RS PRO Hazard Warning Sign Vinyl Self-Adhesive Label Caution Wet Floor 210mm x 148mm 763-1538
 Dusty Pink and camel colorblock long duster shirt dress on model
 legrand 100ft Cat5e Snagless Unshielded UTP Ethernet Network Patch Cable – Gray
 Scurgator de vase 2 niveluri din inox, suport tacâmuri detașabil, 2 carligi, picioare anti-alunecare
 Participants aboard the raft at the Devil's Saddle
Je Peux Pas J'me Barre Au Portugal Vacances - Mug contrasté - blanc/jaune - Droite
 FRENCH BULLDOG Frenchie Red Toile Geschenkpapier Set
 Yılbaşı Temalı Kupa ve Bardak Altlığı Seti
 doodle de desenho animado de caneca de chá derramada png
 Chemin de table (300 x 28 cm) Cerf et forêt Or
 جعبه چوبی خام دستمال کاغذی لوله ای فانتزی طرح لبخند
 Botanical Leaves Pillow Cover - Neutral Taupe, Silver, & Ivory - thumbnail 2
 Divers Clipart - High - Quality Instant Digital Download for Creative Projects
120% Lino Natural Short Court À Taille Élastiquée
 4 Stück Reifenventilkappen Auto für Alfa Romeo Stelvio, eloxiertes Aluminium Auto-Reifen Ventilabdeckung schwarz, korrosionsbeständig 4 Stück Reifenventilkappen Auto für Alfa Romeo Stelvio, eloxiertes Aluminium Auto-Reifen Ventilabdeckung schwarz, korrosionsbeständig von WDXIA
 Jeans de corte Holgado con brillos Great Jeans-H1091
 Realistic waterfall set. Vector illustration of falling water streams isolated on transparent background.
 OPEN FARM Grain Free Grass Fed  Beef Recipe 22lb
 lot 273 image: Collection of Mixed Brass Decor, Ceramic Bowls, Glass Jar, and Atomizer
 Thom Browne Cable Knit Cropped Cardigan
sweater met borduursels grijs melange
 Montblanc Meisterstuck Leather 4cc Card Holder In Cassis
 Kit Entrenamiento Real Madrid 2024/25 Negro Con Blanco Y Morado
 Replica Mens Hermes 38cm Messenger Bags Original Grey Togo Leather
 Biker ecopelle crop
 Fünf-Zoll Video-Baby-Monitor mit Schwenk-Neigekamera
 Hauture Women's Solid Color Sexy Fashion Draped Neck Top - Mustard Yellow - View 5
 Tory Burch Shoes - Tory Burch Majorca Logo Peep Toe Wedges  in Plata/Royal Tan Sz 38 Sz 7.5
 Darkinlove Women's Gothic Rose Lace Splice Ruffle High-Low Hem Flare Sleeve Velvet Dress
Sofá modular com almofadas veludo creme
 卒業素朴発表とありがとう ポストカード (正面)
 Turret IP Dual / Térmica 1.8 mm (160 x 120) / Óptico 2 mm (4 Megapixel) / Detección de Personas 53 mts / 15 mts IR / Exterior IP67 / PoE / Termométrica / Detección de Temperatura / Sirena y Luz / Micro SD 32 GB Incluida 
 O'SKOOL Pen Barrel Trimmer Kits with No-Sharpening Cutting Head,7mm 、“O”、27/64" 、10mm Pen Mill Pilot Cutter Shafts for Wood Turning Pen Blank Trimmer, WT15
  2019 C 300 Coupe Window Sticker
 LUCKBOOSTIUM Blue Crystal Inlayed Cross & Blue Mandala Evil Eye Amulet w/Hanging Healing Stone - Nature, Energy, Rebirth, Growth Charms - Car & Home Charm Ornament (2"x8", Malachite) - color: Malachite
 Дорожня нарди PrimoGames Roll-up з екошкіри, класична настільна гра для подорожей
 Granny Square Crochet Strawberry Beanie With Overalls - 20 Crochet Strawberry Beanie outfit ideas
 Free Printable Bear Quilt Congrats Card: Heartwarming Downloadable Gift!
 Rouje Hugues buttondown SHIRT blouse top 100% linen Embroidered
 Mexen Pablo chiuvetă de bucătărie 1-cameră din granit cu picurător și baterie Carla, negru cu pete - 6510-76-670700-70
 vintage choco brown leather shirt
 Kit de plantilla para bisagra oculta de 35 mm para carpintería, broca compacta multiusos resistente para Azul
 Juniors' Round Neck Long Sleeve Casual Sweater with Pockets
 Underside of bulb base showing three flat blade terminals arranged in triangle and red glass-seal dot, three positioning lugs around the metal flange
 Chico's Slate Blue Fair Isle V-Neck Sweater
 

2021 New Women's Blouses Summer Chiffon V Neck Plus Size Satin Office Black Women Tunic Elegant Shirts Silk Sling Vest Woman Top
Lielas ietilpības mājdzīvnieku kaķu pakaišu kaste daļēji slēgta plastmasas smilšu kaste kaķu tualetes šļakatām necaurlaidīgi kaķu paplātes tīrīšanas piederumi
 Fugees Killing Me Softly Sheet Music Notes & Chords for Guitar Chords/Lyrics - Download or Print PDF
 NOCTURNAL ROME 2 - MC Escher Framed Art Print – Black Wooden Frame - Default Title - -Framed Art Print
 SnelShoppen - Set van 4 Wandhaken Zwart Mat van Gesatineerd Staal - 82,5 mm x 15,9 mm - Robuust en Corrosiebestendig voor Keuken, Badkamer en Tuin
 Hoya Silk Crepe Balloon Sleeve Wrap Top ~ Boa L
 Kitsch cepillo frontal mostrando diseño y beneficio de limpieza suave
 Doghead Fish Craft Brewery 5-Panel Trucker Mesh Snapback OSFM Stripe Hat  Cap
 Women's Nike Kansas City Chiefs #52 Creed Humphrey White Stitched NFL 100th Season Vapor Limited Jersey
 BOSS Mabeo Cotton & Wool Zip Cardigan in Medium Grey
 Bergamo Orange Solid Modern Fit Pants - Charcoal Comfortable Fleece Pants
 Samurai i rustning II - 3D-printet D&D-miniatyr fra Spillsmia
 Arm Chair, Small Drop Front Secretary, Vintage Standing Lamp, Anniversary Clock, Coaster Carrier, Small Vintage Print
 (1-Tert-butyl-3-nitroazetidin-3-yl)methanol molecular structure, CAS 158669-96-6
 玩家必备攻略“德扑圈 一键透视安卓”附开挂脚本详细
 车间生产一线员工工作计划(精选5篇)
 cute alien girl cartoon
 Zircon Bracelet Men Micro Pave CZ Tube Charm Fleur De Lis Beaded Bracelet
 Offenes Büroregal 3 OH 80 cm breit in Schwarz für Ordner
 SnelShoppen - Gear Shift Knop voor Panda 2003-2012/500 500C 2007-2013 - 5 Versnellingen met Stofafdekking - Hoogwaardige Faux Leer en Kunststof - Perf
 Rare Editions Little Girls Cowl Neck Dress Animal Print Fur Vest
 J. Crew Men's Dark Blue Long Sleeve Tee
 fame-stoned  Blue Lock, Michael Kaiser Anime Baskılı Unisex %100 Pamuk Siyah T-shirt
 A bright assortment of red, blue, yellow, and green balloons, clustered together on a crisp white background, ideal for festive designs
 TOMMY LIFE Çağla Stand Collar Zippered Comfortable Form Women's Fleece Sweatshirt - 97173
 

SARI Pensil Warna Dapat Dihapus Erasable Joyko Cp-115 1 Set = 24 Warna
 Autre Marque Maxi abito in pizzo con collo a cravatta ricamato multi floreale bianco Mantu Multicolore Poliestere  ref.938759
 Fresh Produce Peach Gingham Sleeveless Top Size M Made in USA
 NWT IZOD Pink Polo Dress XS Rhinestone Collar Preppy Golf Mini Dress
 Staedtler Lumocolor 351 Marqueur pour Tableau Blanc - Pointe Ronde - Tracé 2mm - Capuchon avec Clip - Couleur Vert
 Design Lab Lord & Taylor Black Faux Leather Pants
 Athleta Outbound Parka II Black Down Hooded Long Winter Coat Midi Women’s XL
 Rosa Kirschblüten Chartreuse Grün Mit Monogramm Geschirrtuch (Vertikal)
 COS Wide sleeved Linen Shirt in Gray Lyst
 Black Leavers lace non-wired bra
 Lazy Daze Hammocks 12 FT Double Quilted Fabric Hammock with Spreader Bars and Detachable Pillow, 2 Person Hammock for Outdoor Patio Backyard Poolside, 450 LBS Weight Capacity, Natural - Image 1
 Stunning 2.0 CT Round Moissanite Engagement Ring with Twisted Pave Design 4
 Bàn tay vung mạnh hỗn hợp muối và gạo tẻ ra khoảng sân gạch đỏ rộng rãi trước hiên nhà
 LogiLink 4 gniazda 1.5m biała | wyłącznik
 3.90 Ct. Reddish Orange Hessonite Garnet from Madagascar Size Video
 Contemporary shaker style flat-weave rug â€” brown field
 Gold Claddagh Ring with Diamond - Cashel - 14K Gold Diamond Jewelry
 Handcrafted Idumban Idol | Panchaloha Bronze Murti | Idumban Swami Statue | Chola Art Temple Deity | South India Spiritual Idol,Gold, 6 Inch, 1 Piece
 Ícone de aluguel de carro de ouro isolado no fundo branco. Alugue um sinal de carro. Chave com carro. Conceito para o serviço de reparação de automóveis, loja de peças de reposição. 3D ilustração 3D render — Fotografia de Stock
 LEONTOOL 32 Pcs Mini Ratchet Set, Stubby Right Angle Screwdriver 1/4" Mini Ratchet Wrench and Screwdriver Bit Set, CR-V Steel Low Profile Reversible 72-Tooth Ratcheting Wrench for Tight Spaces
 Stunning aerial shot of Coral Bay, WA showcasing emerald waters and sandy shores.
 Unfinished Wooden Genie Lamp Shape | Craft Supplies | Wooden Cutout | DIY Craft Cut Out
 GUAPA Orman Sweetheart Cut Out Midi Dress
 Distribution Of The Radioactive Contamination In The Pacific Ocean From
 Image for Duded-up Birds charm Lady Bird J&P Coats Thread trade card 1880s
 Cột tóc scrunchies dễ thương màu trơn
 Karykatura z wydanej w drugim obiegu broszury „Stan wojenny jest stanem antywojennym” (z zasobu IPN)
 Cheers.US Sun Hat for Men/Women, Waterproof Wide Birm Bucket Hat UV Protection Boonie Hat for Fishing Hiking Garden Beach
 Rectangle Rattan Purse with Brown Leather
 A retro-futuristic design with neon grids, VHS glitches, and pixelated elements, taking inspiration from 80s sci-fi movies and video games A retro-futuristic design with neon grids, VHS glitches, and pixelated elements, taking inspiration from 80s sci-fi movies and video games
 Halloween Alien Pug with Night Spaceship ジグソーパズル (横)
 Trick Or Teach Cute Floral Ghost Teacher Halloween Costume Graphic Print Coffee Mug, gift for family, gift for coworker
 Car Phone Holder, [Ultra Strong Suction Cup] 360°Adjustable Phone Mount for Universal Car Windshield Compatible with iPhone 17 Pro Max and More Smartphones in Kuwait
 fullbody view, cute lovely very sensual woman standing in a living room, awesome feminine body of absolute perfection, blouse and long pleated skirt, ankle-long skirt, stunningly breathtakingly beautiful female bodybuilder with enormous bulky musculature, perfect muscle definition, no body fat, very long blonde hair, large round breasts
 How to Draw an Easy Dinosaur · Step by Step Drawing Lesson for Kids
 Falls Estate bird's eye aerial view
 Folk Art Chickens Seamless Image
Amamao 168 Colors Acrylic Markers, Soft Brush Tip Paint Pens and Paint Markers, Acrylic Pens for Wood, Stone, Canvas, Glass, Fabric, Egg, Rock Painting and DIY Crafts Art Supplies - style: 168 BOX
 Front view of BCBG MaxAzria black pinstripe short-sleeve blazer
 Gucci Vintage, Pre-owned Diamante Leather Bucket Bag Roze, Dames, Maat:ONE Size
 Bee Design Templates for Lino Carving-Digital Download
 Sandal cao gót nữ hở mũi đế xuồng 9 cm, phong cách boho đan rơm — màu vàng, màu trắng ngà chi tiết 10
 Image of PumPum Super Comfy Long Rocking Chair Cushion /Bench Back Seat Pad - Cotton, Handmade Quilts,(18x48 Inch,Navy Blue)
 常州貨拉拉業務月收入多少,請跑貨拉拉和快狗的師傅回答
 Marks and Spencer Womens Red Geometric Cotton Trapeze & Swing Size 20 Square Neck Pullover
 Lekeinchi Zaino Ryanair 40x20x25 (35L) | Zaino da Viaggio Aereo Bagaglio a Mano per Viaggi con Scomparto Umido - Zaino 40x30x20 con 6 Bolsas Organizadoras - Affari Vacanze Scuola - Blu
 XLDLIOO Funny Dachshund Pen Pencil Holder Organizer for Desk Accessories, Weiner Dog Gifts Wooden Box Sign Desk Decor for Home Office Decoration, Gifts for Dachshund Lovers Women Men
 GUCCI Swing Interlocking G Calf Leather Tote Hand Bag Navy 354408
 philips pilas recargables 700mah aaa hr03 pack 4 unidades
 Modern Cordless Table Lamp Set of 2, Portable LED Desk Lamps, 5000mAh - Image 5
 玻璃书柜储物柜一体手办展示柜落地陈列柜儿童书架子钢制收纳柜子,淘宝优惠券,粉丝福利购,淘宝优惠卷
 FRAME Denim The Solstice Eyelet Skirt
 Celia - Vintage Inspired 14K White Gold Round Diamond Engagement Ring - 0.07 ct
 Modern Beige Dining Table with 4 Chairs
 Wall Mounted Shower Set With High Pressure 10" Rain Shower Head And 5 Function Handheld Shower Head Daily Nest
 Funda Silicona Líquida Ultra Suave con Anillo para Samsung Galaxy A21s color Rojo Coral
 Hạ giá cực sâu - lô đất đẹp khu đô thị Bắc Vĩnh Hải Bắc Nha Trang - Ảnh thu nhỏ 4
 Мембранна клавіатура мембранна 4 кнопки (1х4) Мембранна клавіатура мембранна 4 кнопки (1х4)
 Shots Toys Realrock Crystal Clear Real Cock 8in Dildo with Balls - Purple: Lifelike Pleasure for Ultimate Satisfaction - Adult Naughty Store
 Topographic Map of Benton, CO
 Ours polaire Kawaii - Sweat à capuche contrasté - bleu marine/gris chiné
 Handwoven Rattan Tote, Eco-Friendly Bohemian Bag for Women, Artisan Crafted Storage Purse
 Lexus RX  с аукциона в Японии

**Exercise aim:** When you reach the line in the material above that holds "Gold Claddagh Ring", begin reproducing lines exactly, and stop after the line that holds "Handcrafted Idumban Idol".

**Exercise output:**
 Gold Claddagh Ring with Diamond - Cashel - 14K Gold Diamond Jewelry
 Handcrafted Idumban Idol | Panchaloha Bronze Murti | Idumban Swami Statue | Chola Art Temple Deity | South India Spiritual Idol,Gold, 6 Inch, 1 Piece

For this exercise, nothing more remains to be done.